Cross-process streaming#

Spawning processes is the boring half of tractor: the real cool stuff is the native support for cross-process streaming. Yes, you saw it here first — 2-way msg streams with reliable, transitive setup/teardown semantics, wired straight into the runtime’s structured concurrency (SC) supervision machinery so that how a stream ends is part of the protocol.

No broker, no topic exchange, no IDL compiler. The IPC layer is a deliberately “cheap or nasty(un)protocol: a tiny set of msgspec-typed msgs over a transport (TCP or UDS today) with payload typing opt-in per dialog — handshake msgs get the nasty treatment (strict validation) while high-rate stream payloads stay cheap (receiver-side checks only). See The Context: a cross-actor task pair for the typed pld_spec contract bits.

Two ways to stream#

Rule of thumb: if the consumer ever needs to talk back — acks, control msgs, a final result — use a context. If it’s a pure pipeline stage, either works and the one-way form is less typing.

One-way streaming from an async generator#

The OG api. Write an async generator in the target actor’s module; iterate its yields from the spawning side:

examples/asynchronous_generators.py#
from typing import AsyncIterator
from itertools import repeat

import trio
import tractor


async def stream_forever() -> AsyncIterator[int]:

    for i in repeat("I can see these little future bubble things"):
        # each yielded value is sent over the ``Channel`` to the parent actor
        yield i
        await trio.sleep(0.01)


async def main():

    async with tractor.open_nursery() as n:

        portal = await n.start_actor(
            'donny',
            enable_modules=[__name__],
        )

        # this async for loop streams values from the above
        # async generator running in a separate process
        async with portal.open_stream_from(stream_forever) as stream:
            count = 0
            async for letter in stream:
                print(letter)
                count += 1

                if count > 50:
                    break

        print('stream terminated')

        await portal.cancel_actor()


if __name__ == '__main__':
    trio.run(main)

Each yield crosses the process boundary as one msg and feeds the parent’s async for. When the consumer breaks out and exits the open_stream_from() block the far-end generator task is cancelled for you: the producer’s lifetime is coupled to the consumer’s scope so a one-way stream can never leak a remote task.

Any extra kwargs (stream_data, seed=100 style) are forwarded to the remote generator’s call, and a non-async-gen target is rejected up front with a TypeError.

Note

No decorator required — any plain async-gen fn works. You may still meet @tractor.stream in the wild; it’s the legacy marker for one-way endpoints and sticks around only for compat (heads up: the param name ctx is reserved for @context endpoints nowadays, so legacy fns should call theirs stream). New code wanting anything fancier than a one-way pipe should use tractor.context() + ctx.open_stream().

Warning

One-way means one way: there’s no sending to the generator side and no graceful consumer-to-producer stop msg — the teardown above is cancel-based. Needing upstream control flow is the sign you’ve outgrown this API.
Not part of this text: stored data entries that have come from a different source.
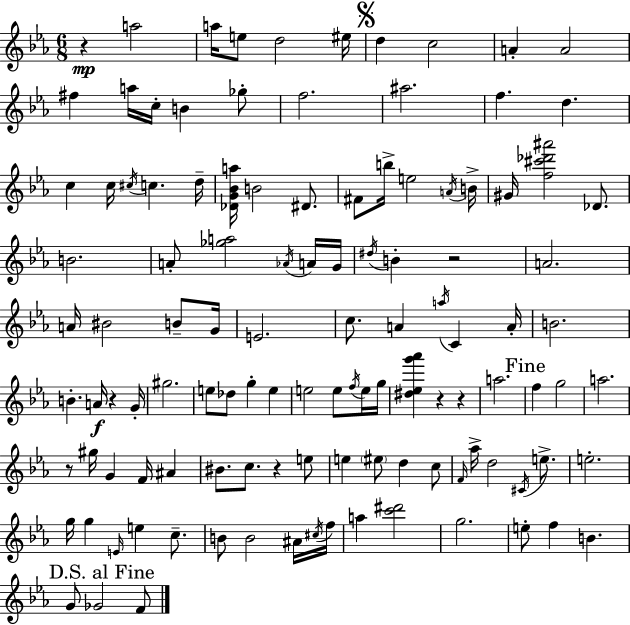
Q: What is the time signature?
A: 6/8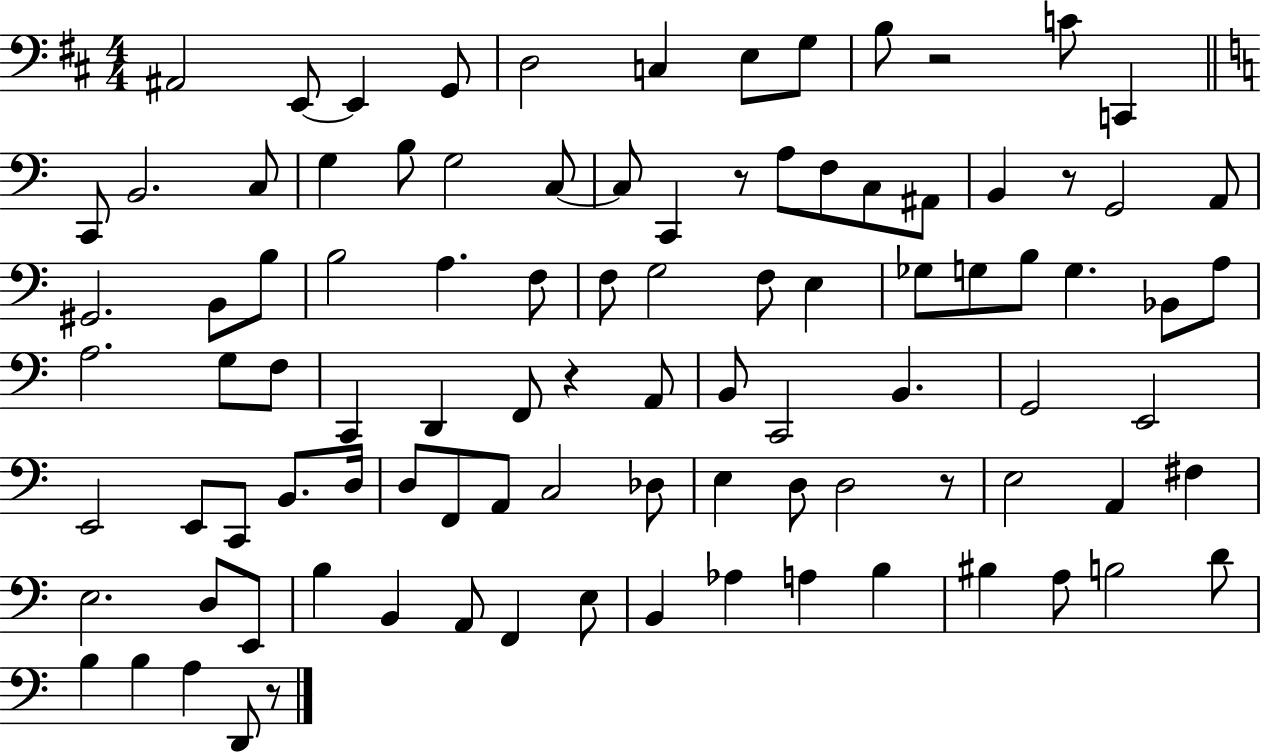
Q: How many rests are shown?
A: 6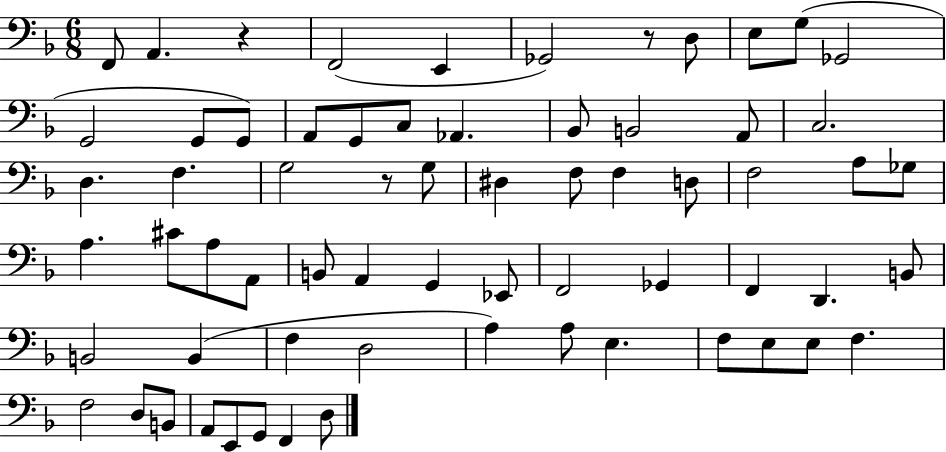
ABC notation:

X:1
T:Untitled
M:6/8
L:1/4
K:F
F,,/2 A,, z F,,2 E,, _G,,2 z/2 D,/2 E,/2 G,/2 _G,,2 G,,2 G,,/2 G,,/2 A,,/2 G,,/2 C,/2 _A,, _B,,/2 B,,2 A,,/2 C,2 D, F, G,2 z/2 G,/2 ^D, F,/2 F, D,/2 F,2 A,/2 _G,/2 A, ^C/2 A,/2 A,,/2 B,,/2 A,, G,, _E,,/2 F,,2 _G,, F,, D,, B,,/2 B,,2 B,, F, D,2 A, A,/2 E, F,/2 E,/2 E,/2 F, F,2 D,/2 B,,/2 A,,/2 E,,/2 G,,/2 F,, D,/2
A full-fledged streaming service#

Now let’s get fancy: compose one-way streams through a nested actor tree and you’ve got yourself a fan-in pipeline.

two streamer actors fan in to an aggregator then root

Four actors, three streams, one deduped feed.#

examples/full_fledged_streaming_service.py#
import time
import trio
import tractor
from tractor import (
    ActorNursery,
    MsgStream,
    Portal,
)


# this is the first 2 actors, streamer_1 and streamer_2
async def stream_data(seed):
    for i in range(seed):
        yield i
        await trio.sleep(0.0001)  # trigger scheduler


# this is the third actor; the aggregator
async def aggregate(seed):
    '''
    Ensure that the two streams we receive match but only stream
    a single set of values to the parent.

    '''
    an: ActorNursery
    async with tractor.open_nursery() as an:
        portals: list[Portal] = []
        for i in range(1, 3):

            # fork/spawn call
            portal = await an.start_actor(
                name=f'streamer_{i}',
                enable_modules=[__name__],
            )

            portals.append(portal)

        send_chan, recv_chan = trio.open_memory_channel(500)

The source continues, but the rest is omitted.